**PROBLEM TO SOLVE**. Write out the data below exactly as given, without any of its pictures.

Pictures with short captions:
*** Block opens ***

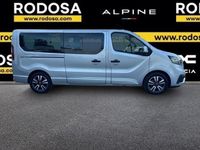 usado Renault Trafic 2.0 DCi Energy Blue SpaceClass Largo L2 EDC 150CV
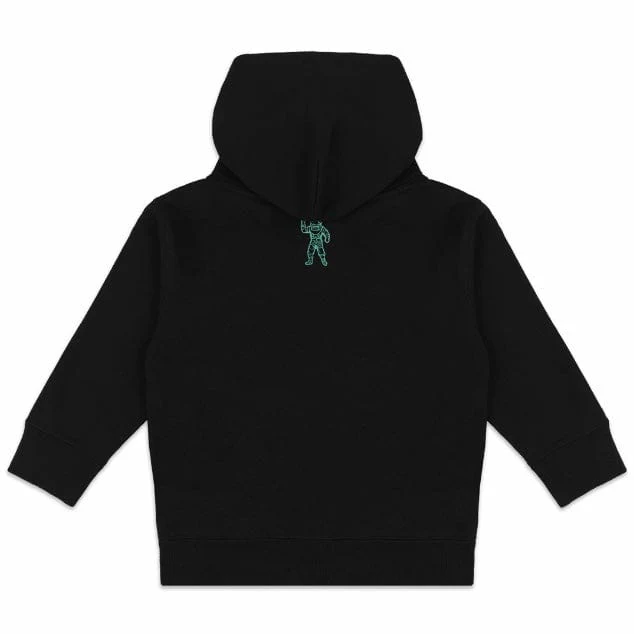 Kids Billionaire Boys Club BB Dimensions Hoodie (Black) 823-6300 - Image 2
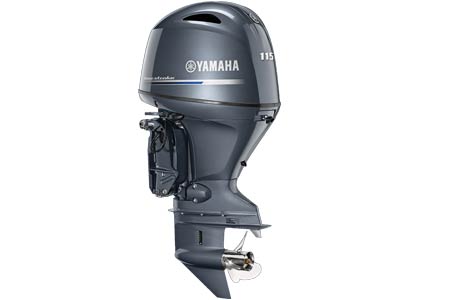 Yamaha 30-115 HP Boat Motors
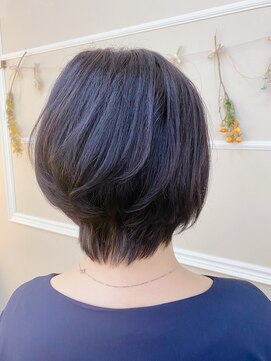 スミィ(Smy) ショートボブ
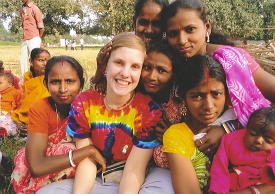 Natasha in India 2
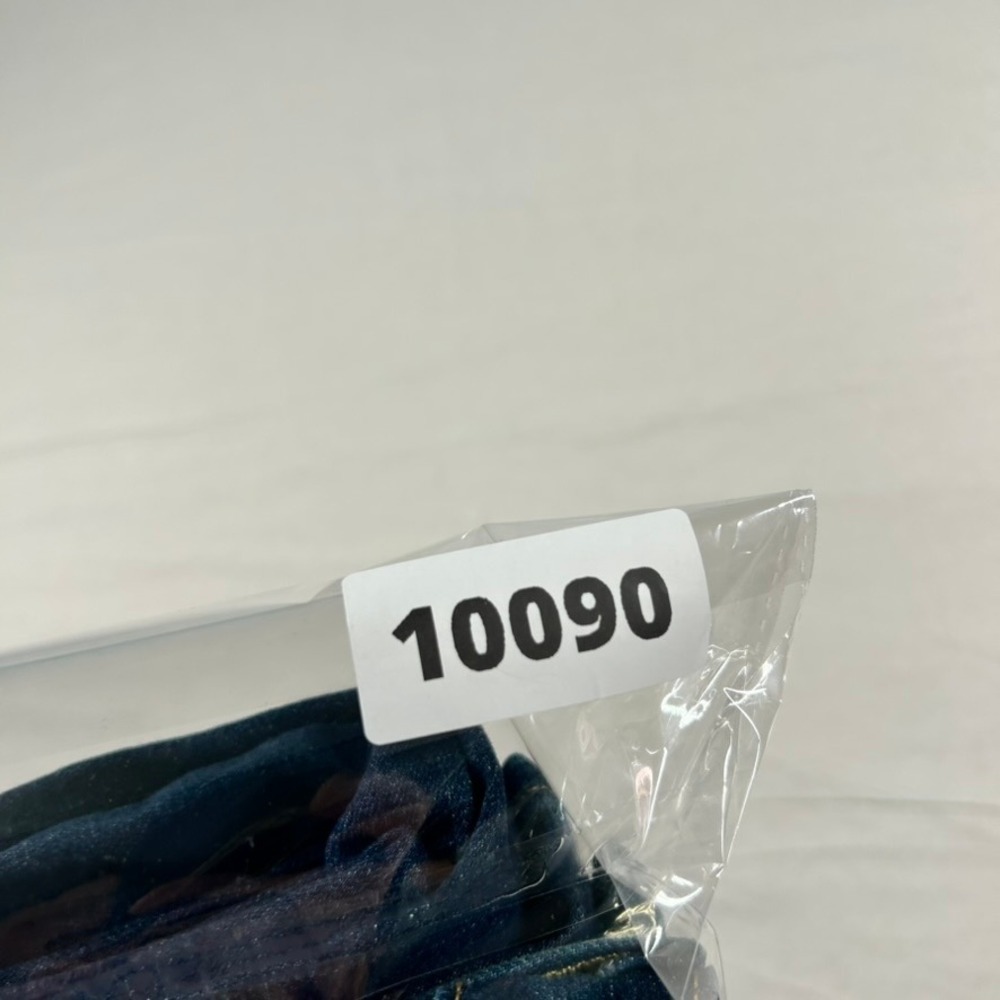Levis 721 High Rise Skinny Jeans Dark Wash Denim Blue Womens 30x30 - Picture 14 of 14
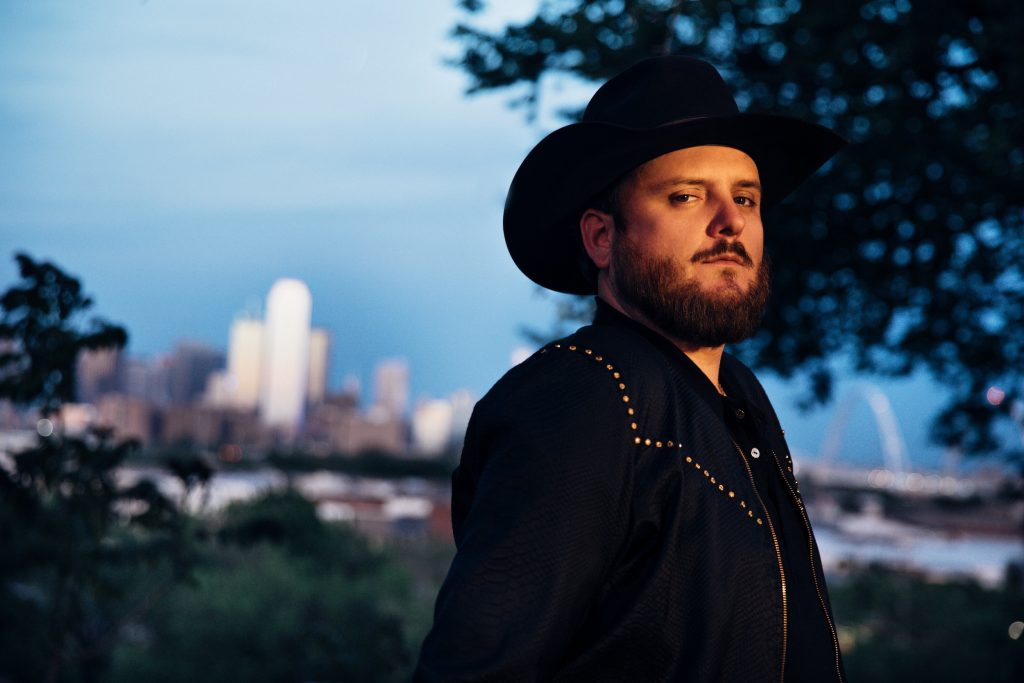 Paul Cauthen Room 41 Photo Shoot, Belmont Hotel, April 10, 2019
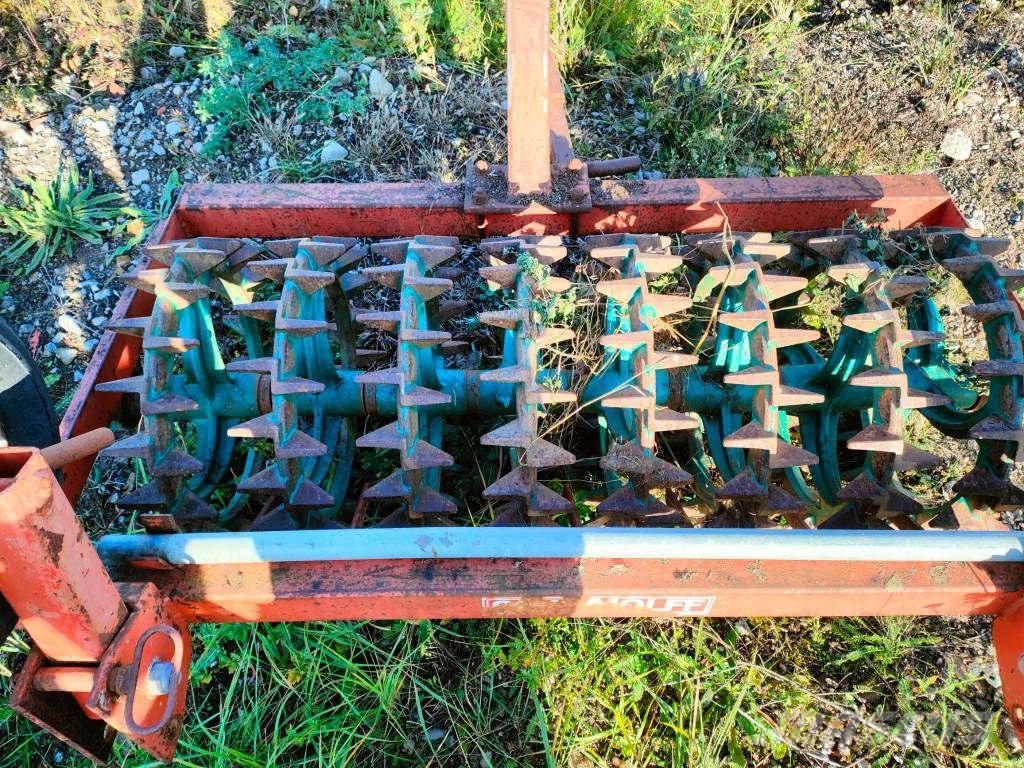 Silo-wolff WP 19-7 Walsen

*** Block closes ***

**ANSWER BELOW**.
 usado Renault Trafic 2.0 DCi Energy Blue SpaceClass Largo L2 EDC 150CV
 Kids Billionaire Boys Club BB Dimensions Hoodie (Black) 823-6300 - Image 2
 Yamaha 30-115 HP Boat Motors
 スミィ(Smy) ショートボブ
 Natasha in India 2
Levis 721 High Rise Skinny Jeans Dark Wash Denim Blue Womens 30x30 - Picture 14 of 14
 Paul Cauthen Room 41 Photo Shoot, Belmont Hotel, April 10, 2019
 Silo-wolff WP 19-7 Walsen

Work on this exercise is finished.